───── DATA PROVIDED

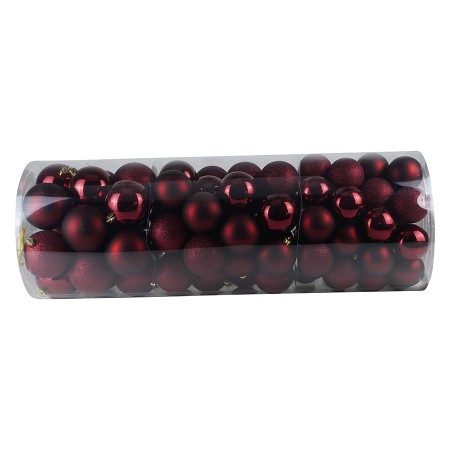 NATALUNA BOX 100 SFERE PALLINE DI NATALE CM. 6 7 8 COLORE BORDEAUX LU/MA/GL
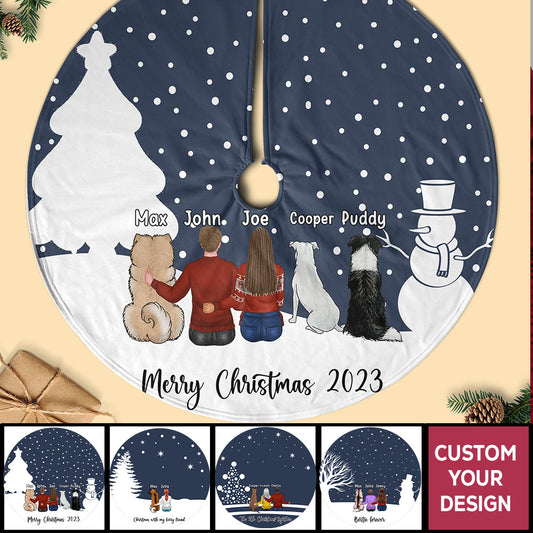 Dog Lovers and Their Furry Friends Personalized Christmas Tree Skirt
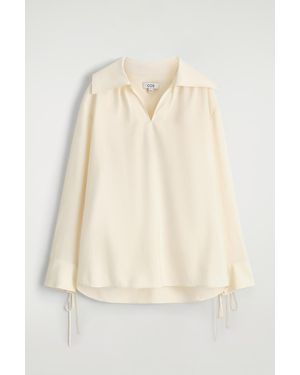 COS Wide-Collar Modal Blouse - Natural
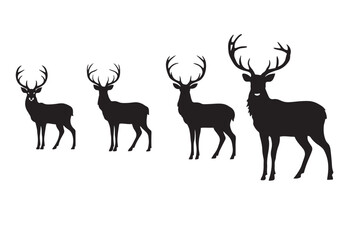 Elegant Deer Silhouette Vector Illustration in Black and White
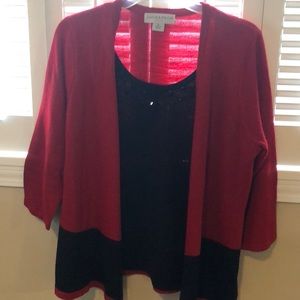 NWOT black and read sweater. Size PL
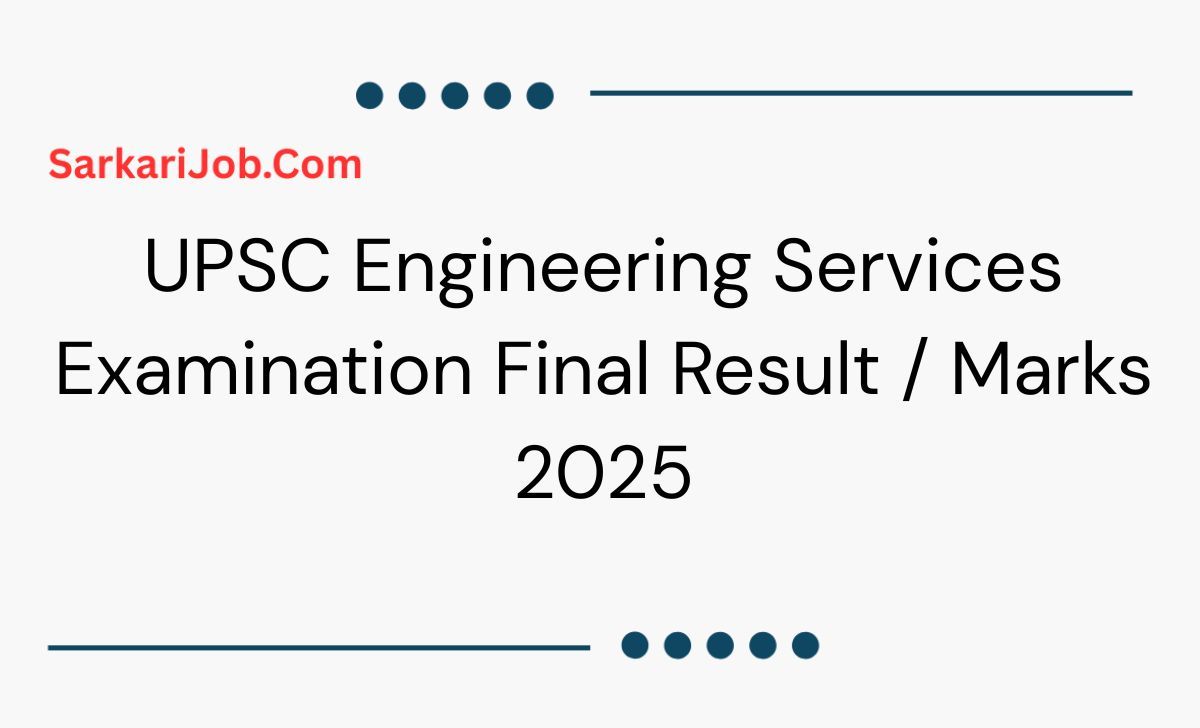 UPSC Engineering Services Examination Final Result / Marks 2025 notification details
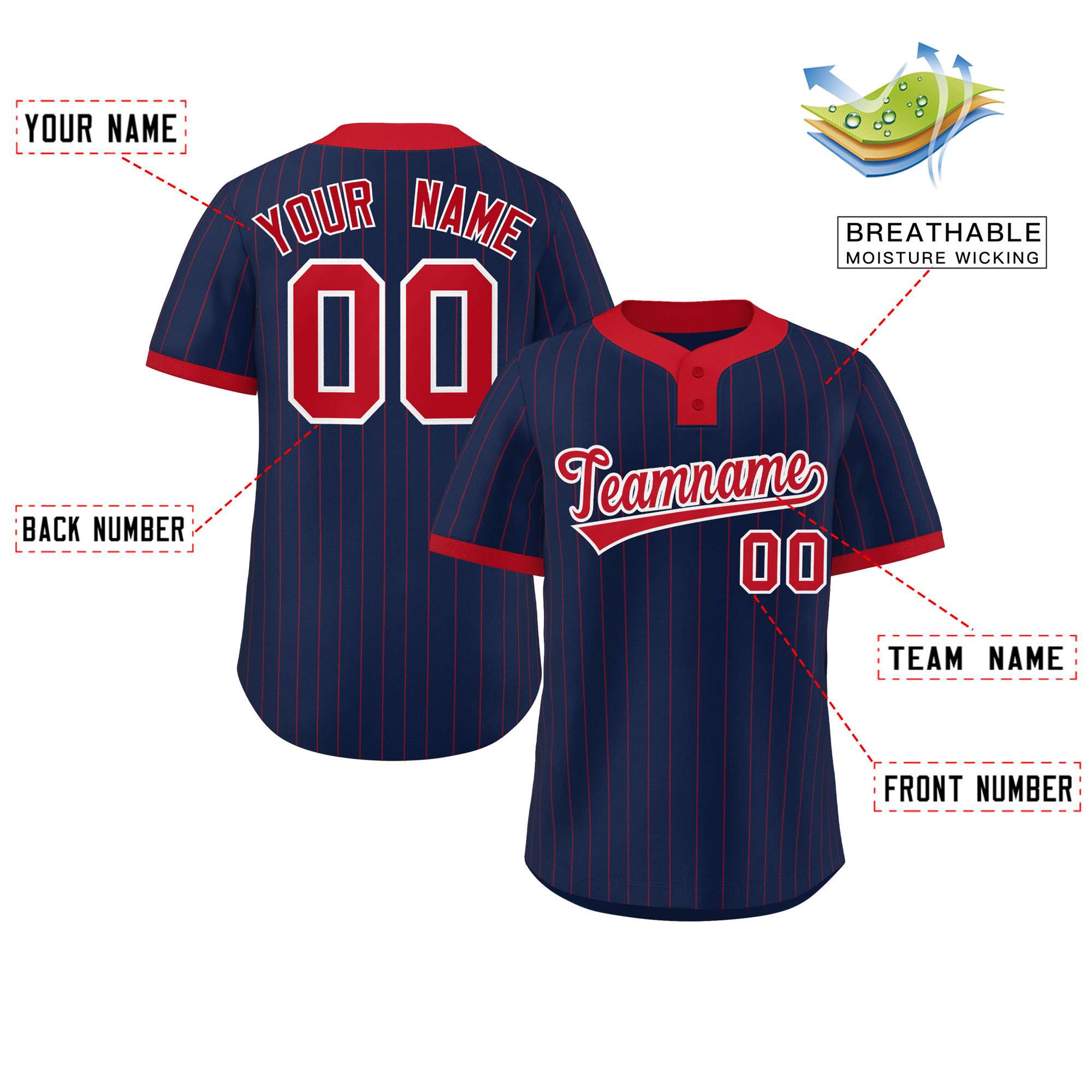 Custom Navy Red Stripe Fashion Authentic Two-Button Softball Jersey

──────────

_YOUR OBJECTIVE_. When you reach a picture in the records above, pass over it and transcribe the rest exactly.

_SOLUTION FOR THIS TASK_.
 NATALUNA BOX 100 SFERE PALLINE DI NATALE CM. 6 7 8 COLORE BORDEAUX LU/MA/GL
 Dog Lovers and Their Furry Friends Personalized Christmas Tree Skirt
 COS Wide-Collar Modal Blouse - Natural
 Elegant Deer Silhouette Vector Illustration in Black and White
 NWOT black and read sweater. Size PL
 UPSC Engineering Services Examination Final Result / Marks 2025 notification details
 Custom Navy Red Stripe Fashion Authentic Two-Button Softball Jersey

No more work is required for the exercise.